Degrowth: The most promising recipe to save the Planet is NOT mainstream (yet)

I am writing this article today because last December, I was cancelling weekend nights-out, wrapped in my duvet, eagerly turning pages of a book that inspired me enormously. The book in question was Less is More: How degrowth will save the World by the anthropologist J. Hickel. In this article, I want to introduce you to degrowth, the arguments for degrowth, and the scientific and socioeconomic foundations that support it. In addition, I wish to provide a snapshot of the future possibilities that degrowth could enable and that make me extremely thrilled about this topic.

1. Is green growth the way to save the planet? Degrowth as an alternative.

In one of its reports the United Nations Environment Programme (UNEP, 2012) examines the ‘green economy’ as one that simultaneously grows income and improves human well-being ‘while significantly reducing environmental risks and ecological scarcities’ (Anderson, 2011).

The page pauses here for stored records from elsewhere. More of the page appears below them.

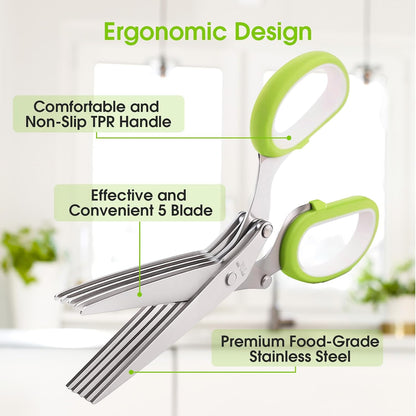 Herb Scissors, Kitchen Shears with 5 Blades and Cover, Multipurpose Cutting, Dishwasher Safe, Used for cutting herbs and paper, Green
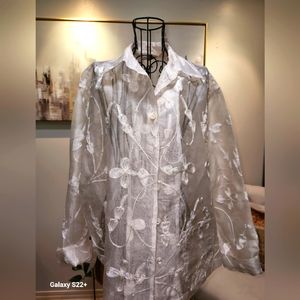 Sheer Embroidered Top Size M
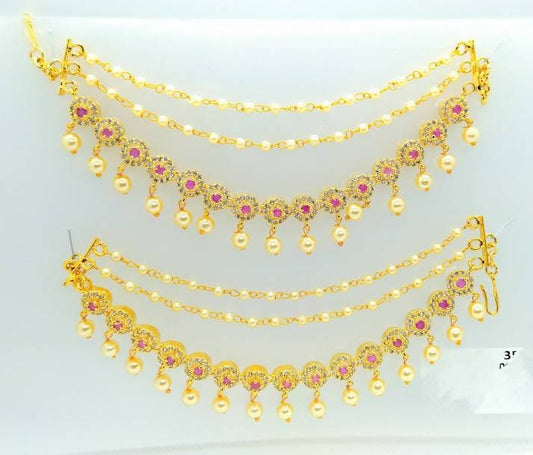 Ad Ruby Bridal Ear side chain Pair
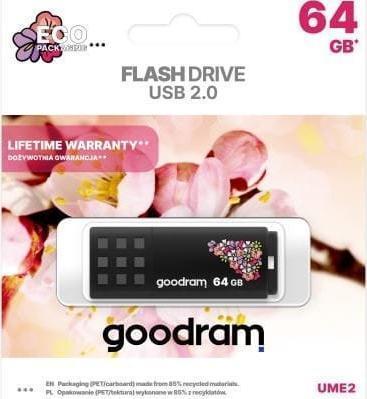 Produktbild Goodram memory USB UME2 SPRING 64GB USB 2.0 Juodas (64 GB, USB-A)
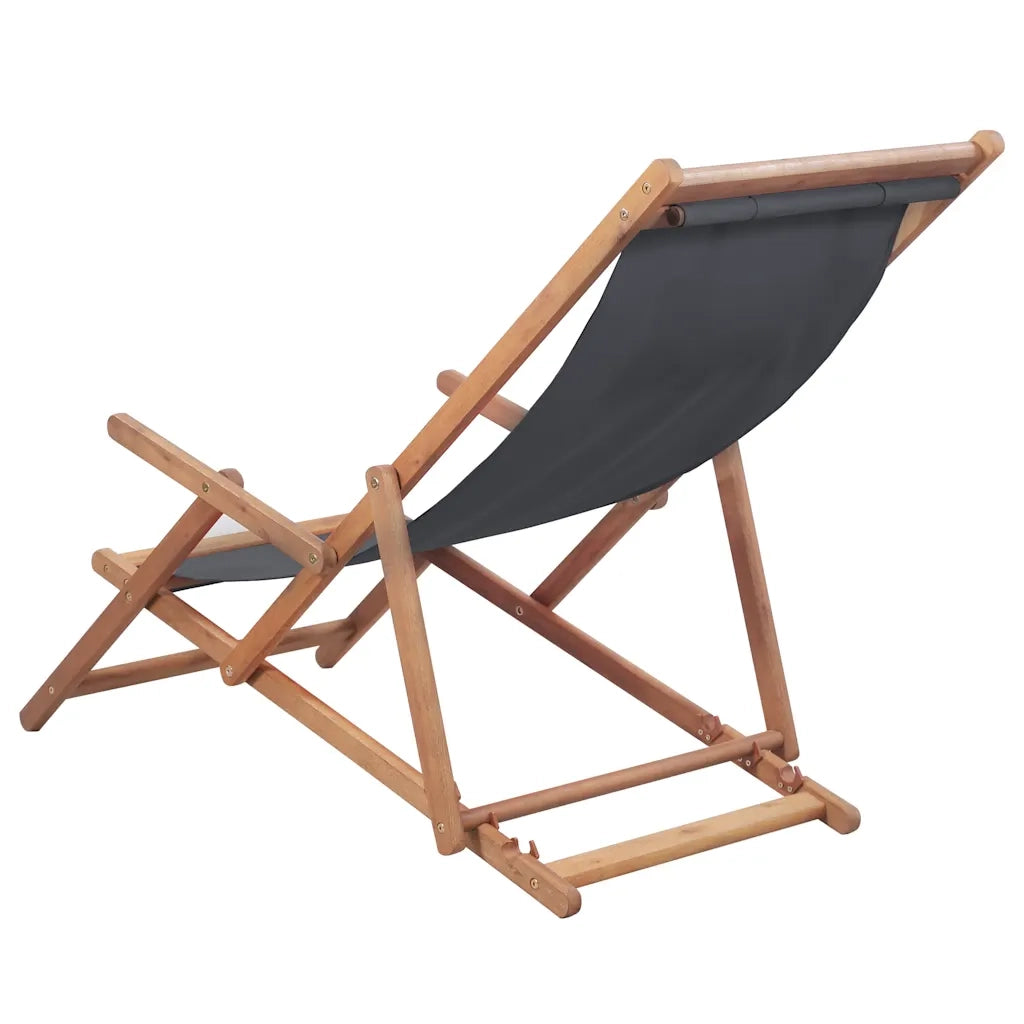 Sdraio da Spiaggia Pieghevole Telaio in Legno e Tessuto Grigio CFW8598884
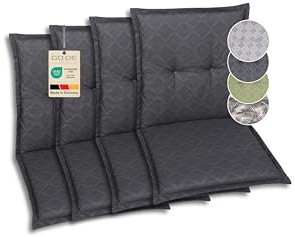 GO-DE Textil Bequeme und attraktive Polsterauflagen für Niederlehner-Gartenstühle (4er-Set, Rautenlinien anthrazit, Niederlehner)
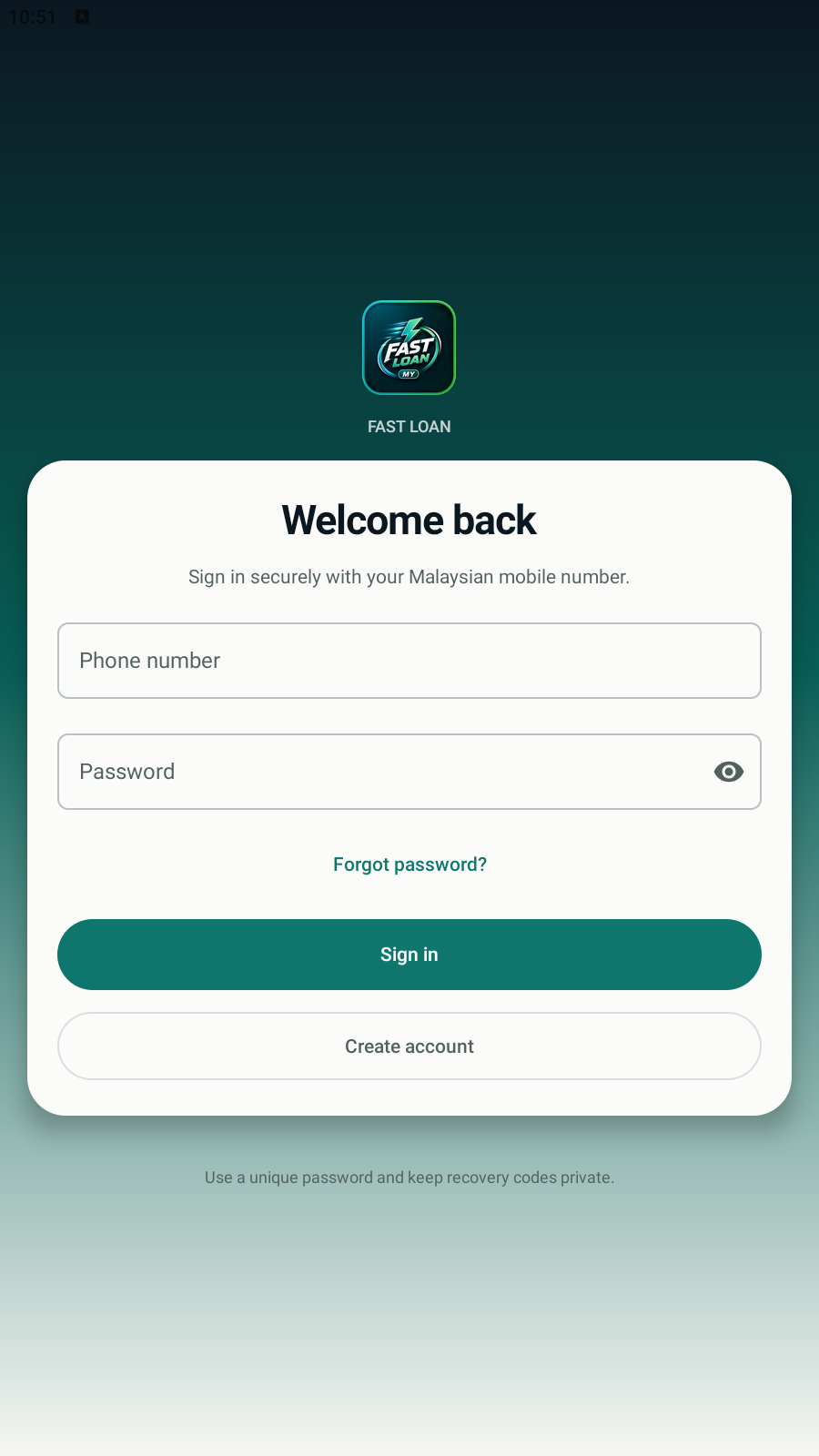 Fast Loan MY sign-in screen showing phone number and password fields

Green economy strategies mainly focus on the speed of private and public investments in green energy solutions as a pillar to transition the global economy to a green-growth model.

There are two main, data substantiated, arguments that undermine green growth. Firstly, empirical evidence shows that given the current status of technology it is unlikely that an absolute decoupling of economic growth and carbon emissions can occur within the timeframe and 1.5/2°C threshold dictated by the Paris Agreement beyond which earth’s ecosystems will be damaged irreparably – unless growth rates remain close to zero while mitigation starts immediately (Kallis & Hickel, 2020; Haberl et al., 2020). Secondly and most importantly, even in the hypothetical eventuality that technological advances facilitate decoupling, in a capitalistic economy, efficiency gains will be invested in more production and overall amount of resources used – known as Jevon’s Paradox (Kallis, 2018). Therefore, capitalism and planetary boundaries seem hard to reconcile, calling the ecological credentials of green growth policies into question.

In contrast with the dominant green growth position, “degrowth” movements are advancing an alternative position which questions the economic-growth prerogative in favour of a steady-state economy. Degrowth is meant as “a planned reduction of energy and resource throughput designed to bring the economy back into balance with the living world in a way that reduces inequality and improves human well-being” (Hickel, 2021).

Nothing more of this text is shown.